Сила обстоятельств: Мемуары | страница 29



Бост вернулся из Америки, куда его посылала газета «Комба» готовить репортажи: он ликовал. Лиза обручилась с одним американским военнослужащим и собиралась к нему в Соединенные Штаты; ей не терпелось бежать из Франции, где у нее не было будущего и где она голодала. Сартр тоже снова готовился отправиться в Нью-Йорк. В январе он встретил там молодую женщину, наполовину разведенную с мужем и, несмотря на блестящее положение, не слишком удовлетворенную своей жизнью. Они друг другу понравились, очень понравились. Узнав о моем существовании, она решила, что, когда он вернется во Францию, они друг друга забудут, но Сартр слишком привязался к ней, чтобы согласиться с этим. Из Парижа он написал ей, и она ответила.

Чтобы вновь увидеть ее, он добился приглашения американских университетов и 12 декабря сел на «Либерти шип».

Мне очень хотелось уехать из Парижа. Со снабжением по-прежнему было плохо; в маленьких ресторанчиках, куда я ходила, мне не удавалось поесть досыта. Я не знала, где найти место для работы: в моей комнате было холодно, в кафе «Флора» слишком многие меня знали. После создания «Тан модерн», редакция которого находилась в издательстве «Галлимар», мы посещали бар по соседству — «Пон-Руаяль»; в этом золотистом полуподвале было тепло и тихо, но неудобно писать на служивших столами бочках. «Альянс франсез»[5] пригласила меня читать лекции в Тунисе и Алжире, только на этот раз комиссия по культурным связям не облегчала мне поездку: для меня никогда не находилось места ни на пароходах, ни на самолетах, впрочем, весьма редких, направлявшихся в Тунис.

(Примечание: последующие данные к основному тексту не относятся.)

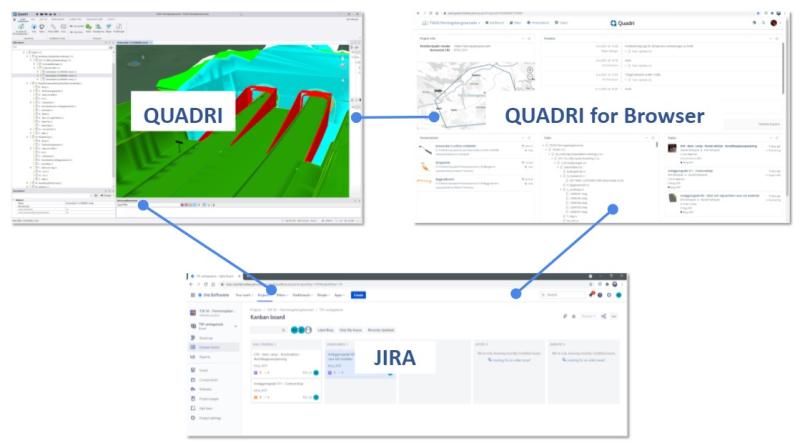Connection between Quadri desktop application, JIRA and Quadri webapplication, Quadri for Browser (WSP)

Я присутствовала на генеральной репетиции «Братьев Карамазовых»: Витольд играл Ивана, Дюфило — Смердяко-ва, Казарес была прекрасной Грушенькой. Я часто встречалась с Камю. Однажды после того, как мы поужинали вдвоем у «Липпа» и посидели в баре «Пон-Руаяль» до самого закрытия, он купил бутылку шампанского, и мы выпили ее в «Луизиане», проговорив до трех часов утра. В силу того, что я была женщиной и, следовательно, — так как он был феодалом — не совсем ровней, ему случалось душевно доверяться мне: он давал мне читать пассажи из своих блокнотов, рассказывал о личных проблемах. Камю часто возвращался к занимавшей его теме: надо бы когда-нибудь написать правду! Дело в том, что между жизнью и творчеством у него существовала пропасть, более глубокая, чем у других. Когда мы выходили вместе, пили, беседовали, смеялись до глубокой ночи, он бывал забавным, циничным, слегка вульгарным и очень вольным в речах; он признавался в своих переживаниях, поддавался своим порывам. В два часа утра он мог сесть в снег на краю тротуара и с пафосом рассуждать о любви: «Надо выбирать: это длится или пылает. Вся драма в том, что это не может длиться и пылать одновременно!» Мне нравился «неуемный жар», с каким он отдавался жизни и удовольствиям, нравилась его величайшая любезность: в ту пору, когда Бост был военным корреспондентом, каждый раз, получая от него телеграмму, Камю звонил Ольге. Между тем в редакции ему ставили в упрек высокомерие и резкость. Во время серьезных дискуссий он замыкался, делался напыщенным, аргументам противопоставлял благородные фразы, возвышенные чувства, умело подаваемый праведный гнев. С пером в руке он становился непреклонным моралистом, в котором я никак не узнавала нашего веселого ночного товарища. Он понимал, что его общественное лицо совсем не совпадает с его личной сутью, и порой это его смущало.